Specifications

Specifications are compromised of a property and whether to minimize or maximize either the lower bound (pessimistic) or the upper bound (optimistic) ofthe value function. The property, or goal, e.g. reachability and reach-avoid, defines both how the value function is initialized and how it is updated after every Bellman iteration. The property also defines whether the horizon is finite or infinite, which impacts the stopping criteria and the resulting strategy type. In particular, for the infinite horizon, model checking algorithm continues until a convergence threshold is met and the strategy, if performing control synthesis, is stationary, while for a finite horizon, the strategy is time varying.

Note

The adversary is never synthesized directly and is always considered time-varying and dynamic. Over the infinite horizon, similar to the strategy, a time-varying adversary at convergence coincides with a stationary and static adversary [5]. Without loss of generality below, we assume that the adversary $\eta$ and strategy $\pi$ are given.

As an example of constructing the specification, we consider here a reachability specification for an IMDP.

time_horizon = 10
prop = FiniteTimeReachability([3, 9, 10], time_horizon)

spec = Specification(prop)  # Default: Pessimistic, Maximize

# Explicit satisfaction mode (pessimistic/optimistic)
spec = Specification(prop, Pessimistic) # Default: Maximize, useful for Markov chains
spec = Specification(prop, Optimistic)

# Explicit strategy mode (minimize/maxize)
spec = Specification(prop, Pessimistic, Maximize)
spec = Specification(prop, Pessimistic, Minimize)  # Unusual, but available
spec = Specification(prop, Optimistic, Maximize)  # Unusual, but available
spec = Specification(prop, Optimistic, Minimize)

Specification
├─ Satisfaction mode: Optimistic
├─ Strategy mode: Minimize
└─ Property: FiniteTimeReachability
   ├─ Time horizon: 10
   └─ Reach states: CartesianIndex{1}[CartesianIndex(3,), CartesianIndex(9,), CartesianIndex(10,)]

Simple properties

In the sections below, we will enumerate the possible simple properties (meaning no task automaton required), their equivalence to some value function, and how to construct them. For complex properties and how to construct task automata see Complex properties,

Reachability

Given a target set $G \subset S$ and a horizon $K \in \mathbb{N} \cup \{\infty\}$, reachability is the following objective

\[\mathbb{P}^{\pi, \eta}_{\mathrm{reach}}(G, K) = \mathbb{P}^{\pi, \eta} \left[\omega \in \Omega : \exists k \in \{0, \ldots, K\}, \, \omega[k] \in G \right].\]

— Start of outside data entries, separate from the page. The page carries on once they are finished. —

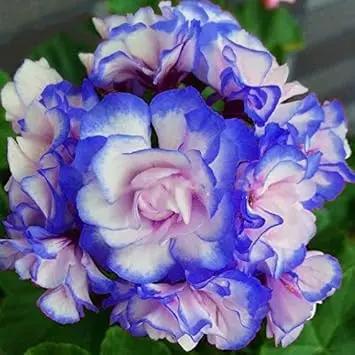 Blue White Pelargonium Flower Seeds for Planting – NON GMO Seeds Dhara Seeds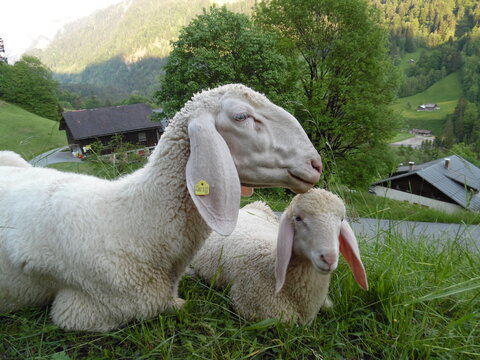 Zwei gem&uuml;tliche Schlafe mit Schlappohren. Mama Schaf mit Lamm beim Wiederk&auml;uen. Wei&szlig;es Osterschaf mit L&auml;mmchen chillen im Gras auf der Weide.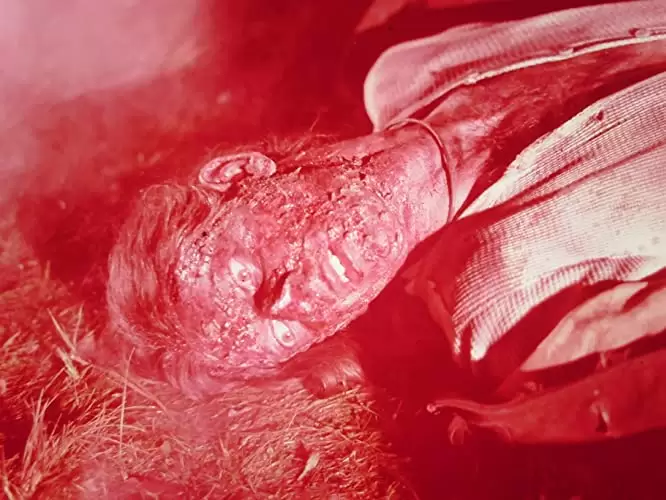 ウィークエンドの画像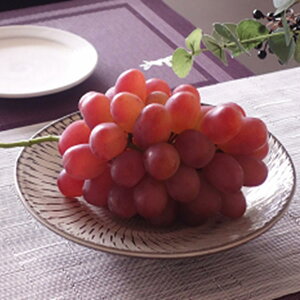 y|Cg10{zΕ ~Mtg 2025 Ԃǂ x 1[ E  Ԍ1130̔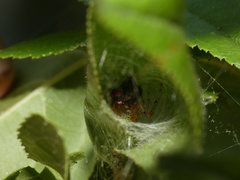 Neoscona rufipalpis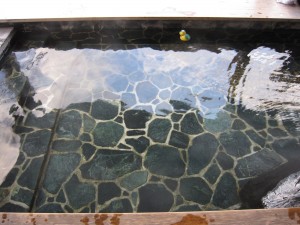 道の駅 湯西川 湯の郷 湯西川観光センター 足湯 お湯はほぼ無色透明です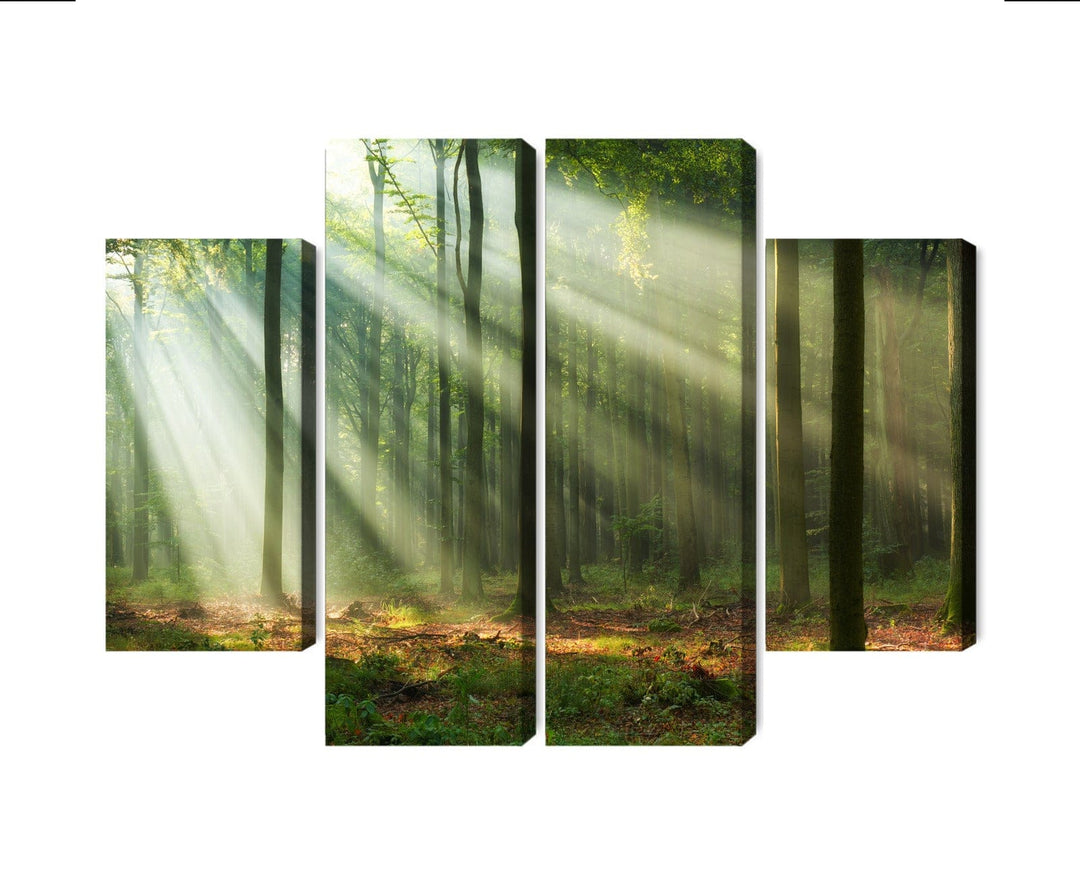 Kanva - Meža ainava no rīta, N-1838 X-ART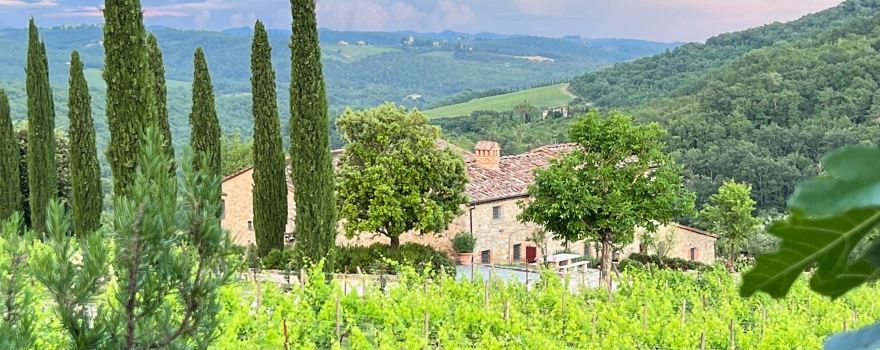 Brancaia Winery & Osteria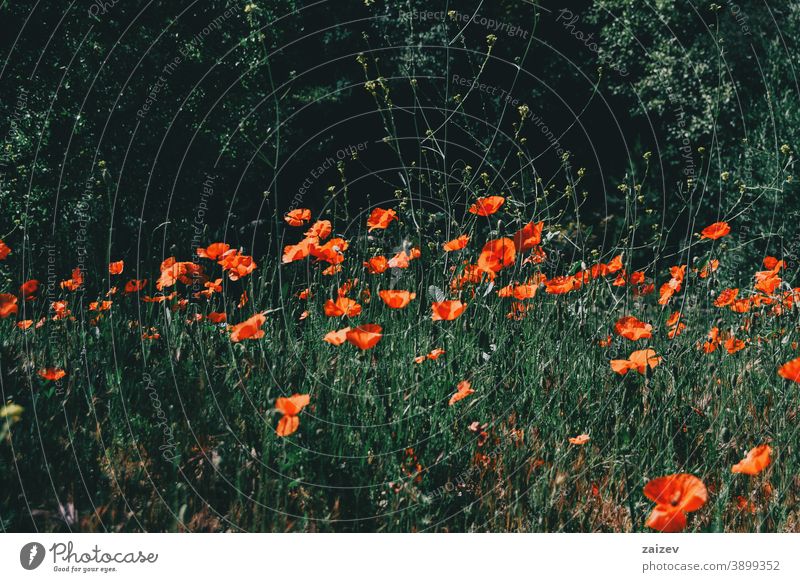 a field red poppies Papaver rhoeas papaver common poppy corn rose flanders orange green flower flowers without people outdoor close medium copy space central
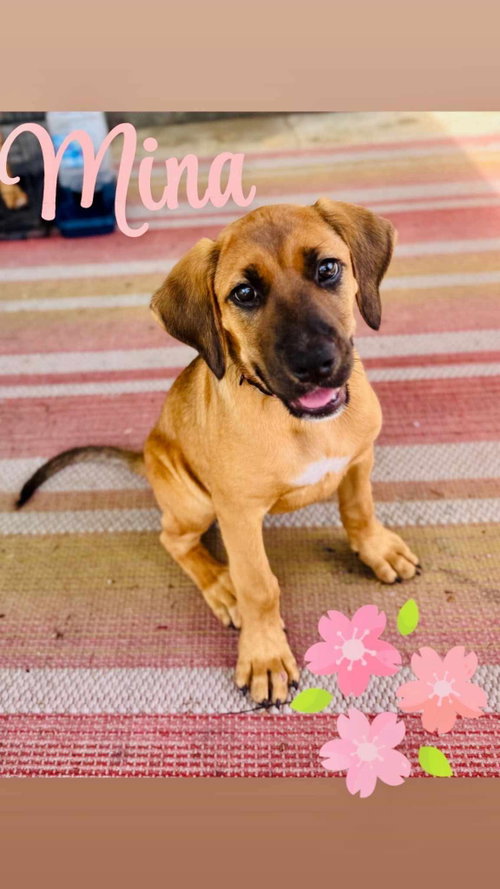 Mina- smart, sweet and sassy, an adoptable Black Mouth Cur in Oakhurst, NJ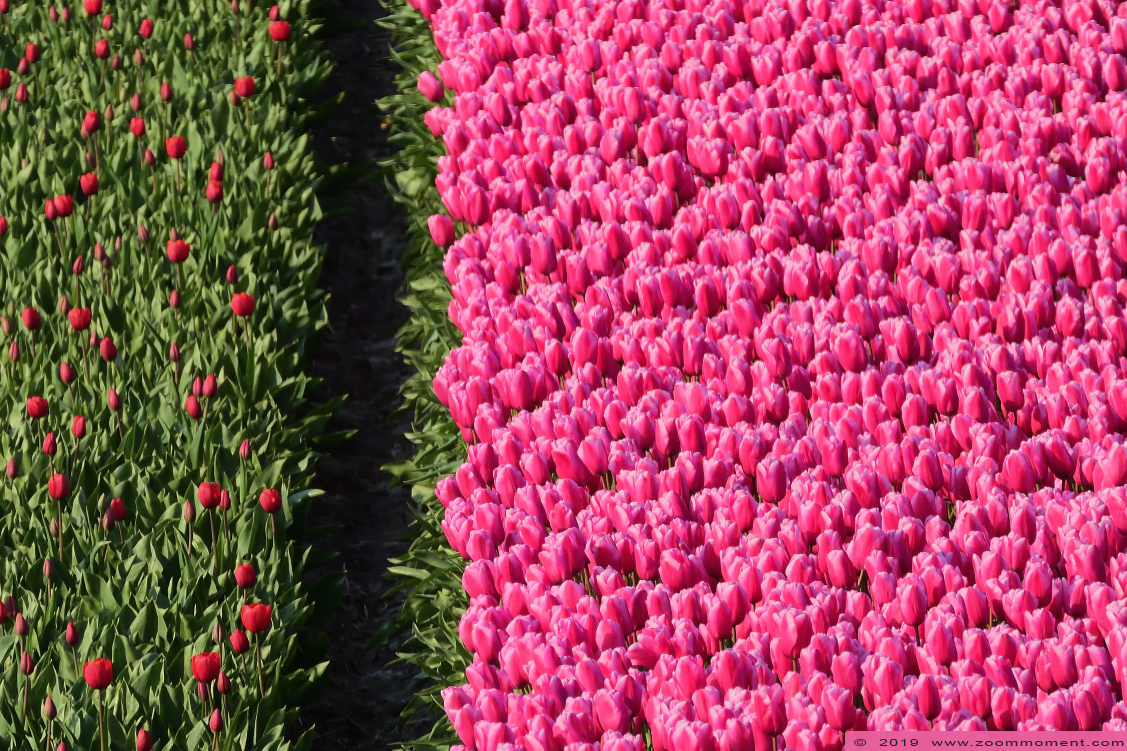 tulpen Nieuwe-Tonge tulips
Trefwoorden: Nieuwe Tonge Nederland  tulp tulip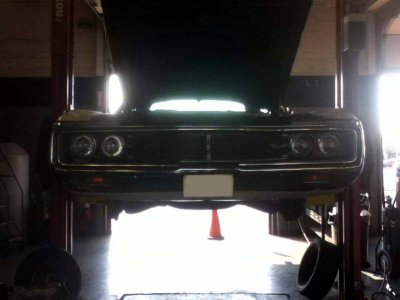 IMG_1495.jpg IMG_1495.jpg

The property is equivalent to the following value function

\[ \begin{aligned} V^{\pi, \eta}_0(s) &= \mathbf{1}_{G}(s)\\ V^{\pi, \eta}_k(s) &= \mathbf{1}_{G}(s) + \mathbf{1}_{S \setminus G}(s) \mathbb{E}_{t \sim \eta(s, a, K - k)}[V^{\pi, \eta}_{k - 1}(t)] \end{aligned}\]

such that $\mathbb{P}^{\pi, \eta}_{\mathrm{reach}}(G, K) = V_K(s)$, where for $K = \infty$ the adversary does not depend on time.

Example:

# Finite horizon
time_horizon = 10

# Example with a single state variable
prop = FiniteTimeReachability([3, 9, 10], time_horizon)          # Single state variable only
prop = FiniteTimeReachability([(3,), (9,), (10,)], time_horizon) # Format available for multiple state variables

# Example with 3 state variables
prop = FiniteTimeReachability([(4, 3, 9)], time_horizon)

# Infinite horizon
convergence_threshold = 1e-8
prop = InfiniteTimeReachability([3, 9, 10], convergence_threshold)

InfiniteTimeReachability
├─ Convergence threshold: 1.0e-8
└─ Reach states: CartesianIndex{1}[CartesianIndex(3,), CartesianIndex(9,), CartesianIndex(10,)]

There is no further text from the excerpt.